Sunday, March 13, 2011

Biblical Foundation for The Glory of a Grieving God


“I will commit myself to you in righteousness and justice, in steadfast love and tender compassion. I will commit myself to you in faithfulness; then you will acknowledge the Lord.”

“The Lord said to me, ‘Go, show love to your wife again, even though she loves another man and continually commits adultery. Likewise, the Lord loves the Israelites although they turn to other gods and love to offer raisin cakes to idols.’”

Hear the word of the Lord, you Israelites! For the Lord has a covenant lawsuit against the people of Israel. For there is neither faithfulness nor loyalty in the land, nor do they acknowledge God.”

“Come on! Let’s return to the Lord! He himself has torn us to pieces, but he will heal us! He has injured us, but he will bandage our wounds! He will restore us in a very short time; he will heal us in a little while, so that we may live in his presence. So let us acknowledge him! Let us seek to acknowledge the Lord! He will come to our rescue as certainly as the appearance of the dawn, as certainly as the winter rain comes, as certainly as the spring rain that waters the land.”

“For I delight in faithfulness, not simply in sacrifice; I delight in acknowledging God, not simply in whole burnt offerings. At Adam they broke the covenant; Oh how they were unfaithful to me!”

“Woe to them! For they have fled from me! Destruction to them!
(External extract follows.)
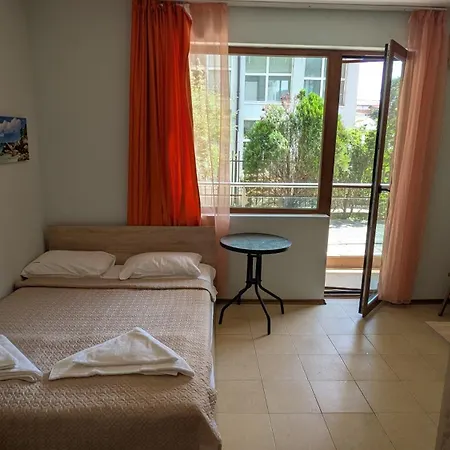 Apartman In The Center Of Sunny By Flat Mаnаger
For they have rebelled against me! I want to deliver them, but they have lied to me. They do not pray to me, but howl in distress on their beds; They slash themselves for grain and new wine, but turn away from me. Although I trained and strengthened them.”
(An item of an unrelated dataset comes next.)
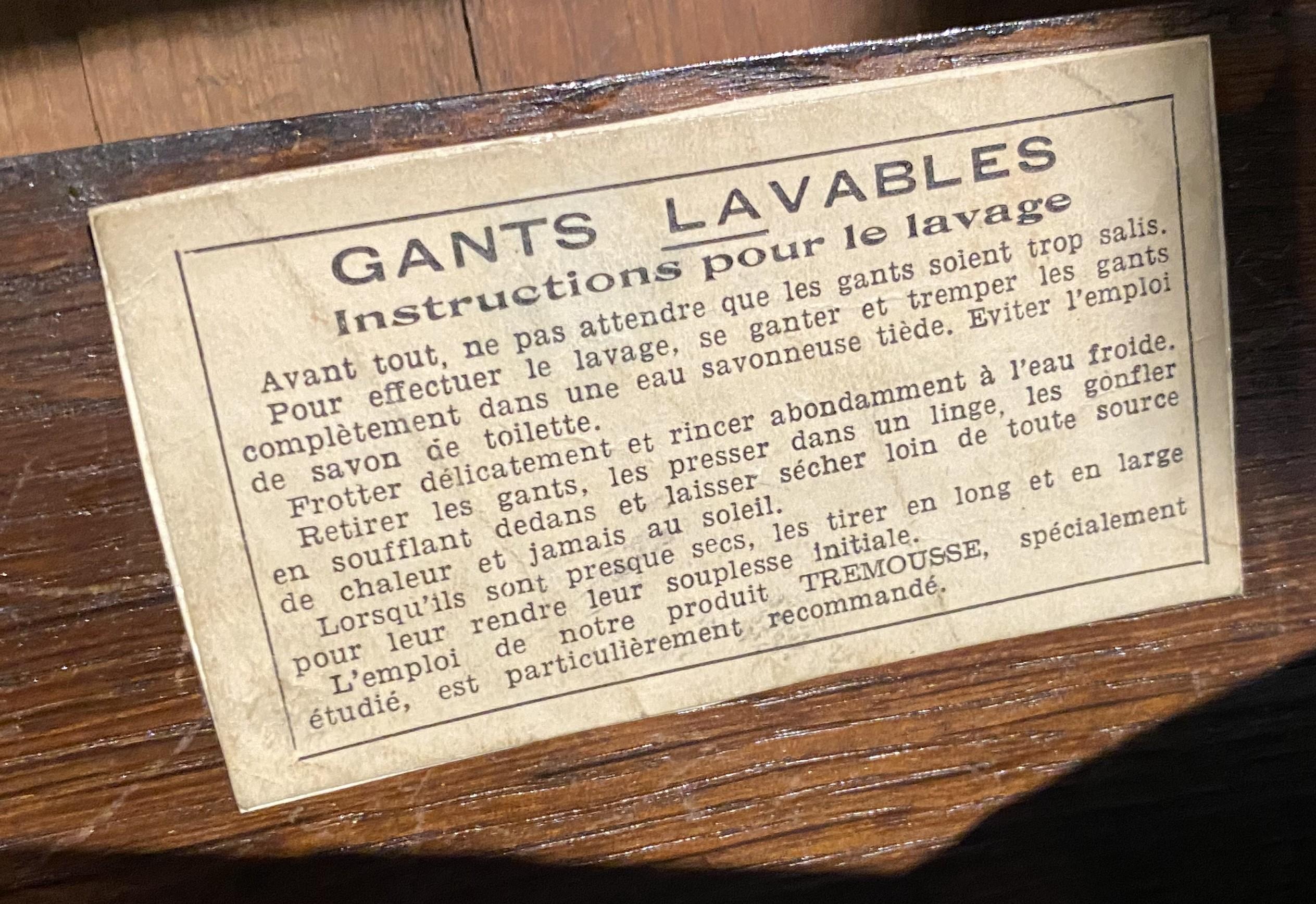 Coffre à lingerie à sept tiroirs en bois fruitier français du XIXe siècle en vente 5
“O Israel, do not rejoice jubilantly like the nations, for you are unfaithful to your God. You love to receive a prostitute's wages on all the floors where you thresh your grain.”
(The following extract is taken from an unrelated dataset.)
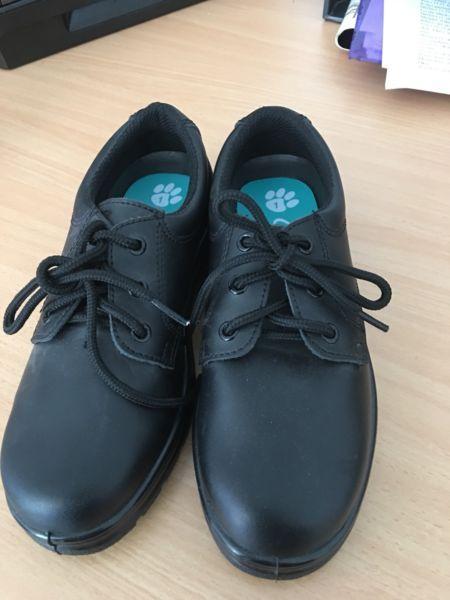 Grosby School Shoes Size 1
“When Israel was a young man, I loved him like a son, and I summoned my son out of Egypt. But the more I summoned them, the farther they departed from me. They sacrificed to the Baal idols and burned incense to images. Yet it was I who led Ephraim, I took them by the arm; but they did not acknowledge that I had healed them.”

How can I give you up, O Ephraim? How can I surrender you, O Israel? How can I treat you like Admah? How can I make you like Zeboiim? I have had a change of heart! All my tender compassions are aroused! I cannot carry out my fierce anger! I cannot totally destroy Ephraim! Because I am God, and not man – the Holy One among you – I will not come in wrath!”

Ephraim has surrounded me with lies; the house of Israel has surrounded me with deceit. But Judah still roams about with God; he remains faithful to the Holy One.”

But you must return to your God, by maintaining love and justice, and by waiting for your God to return to you.”

“Return, O Israel, to the Lord your God, for your sin has been your downfall! Return to the Lord and repent! Say to him: “Completely forgive our iniquity; accept our penitential prayer, that we may offer the praise of our lips as sacrificial bulls. Assyria cannot save us; we will not ride warhorses. We will never again say, ‘Our gods’ to what our own hands have made. For only you will show compassion to Orphan Israel!’ “I will heal their waywardness and love them freely, for my anger will turn away from them.”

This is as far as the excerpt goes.